*Given data*:
"""

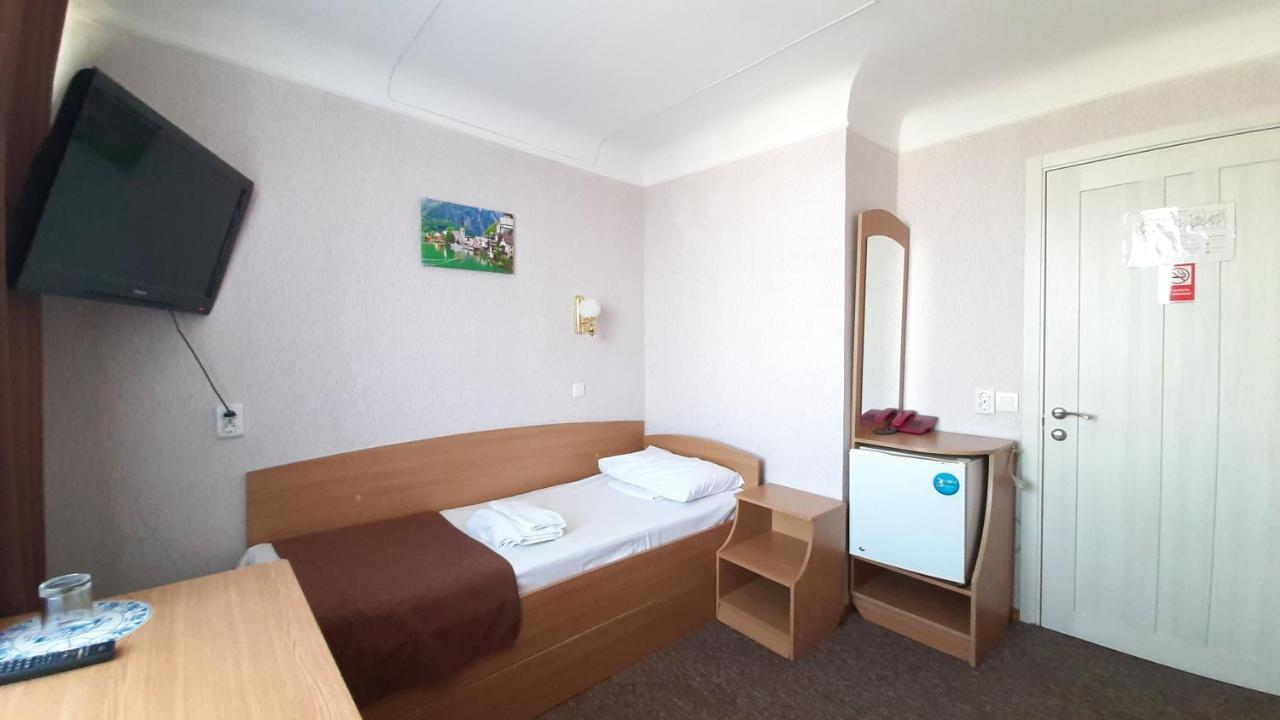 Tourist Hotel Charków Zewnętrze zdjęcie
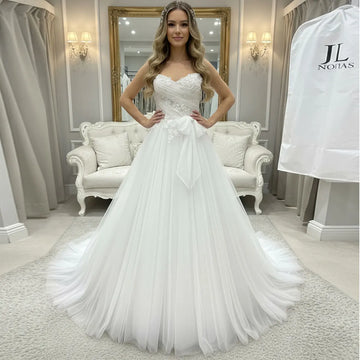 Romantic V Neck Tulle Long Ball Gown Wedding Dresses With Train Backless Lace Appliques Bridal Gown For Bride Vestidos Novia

"""
"""

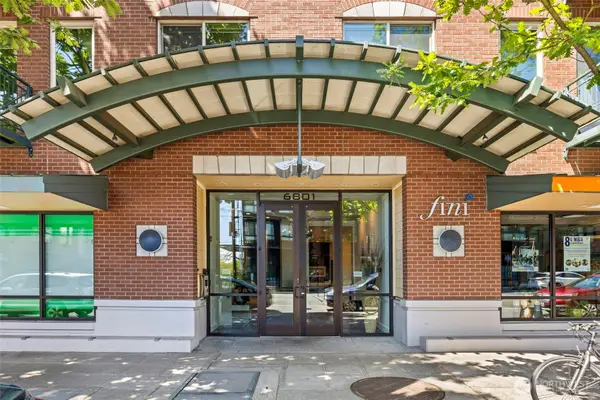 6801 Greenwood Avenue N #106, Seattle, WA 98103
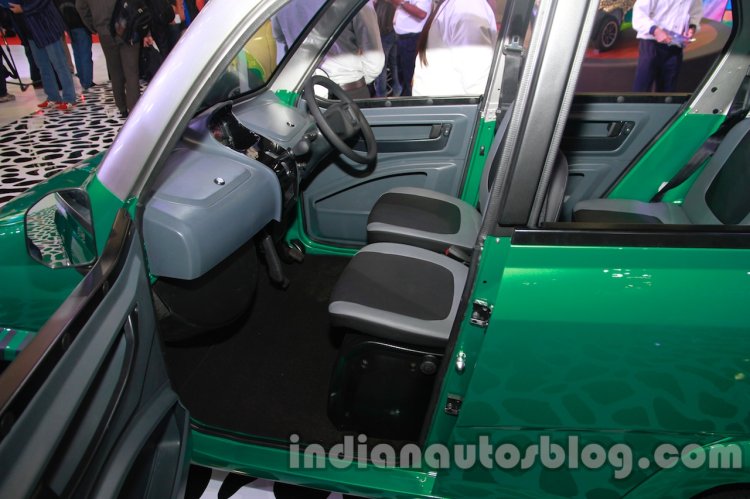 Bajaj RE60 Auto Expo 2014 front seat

"""

*Problem to solve*:
Look above for the line containing "Tourist Hotel Charków Zewnętrze zdjęcie", then write out every line from there down to the line containing "Romantic V Neck", that line included, with no pictures.

*Response to the task*:
 Tourist Hotel Charków Zewnętrze zdjęcie
 Romantic V Neck Tulle Long Ball Gown Wedding Dresses With Train Backless Lace Appliques Bridal Gown For Bride Vestidos Novia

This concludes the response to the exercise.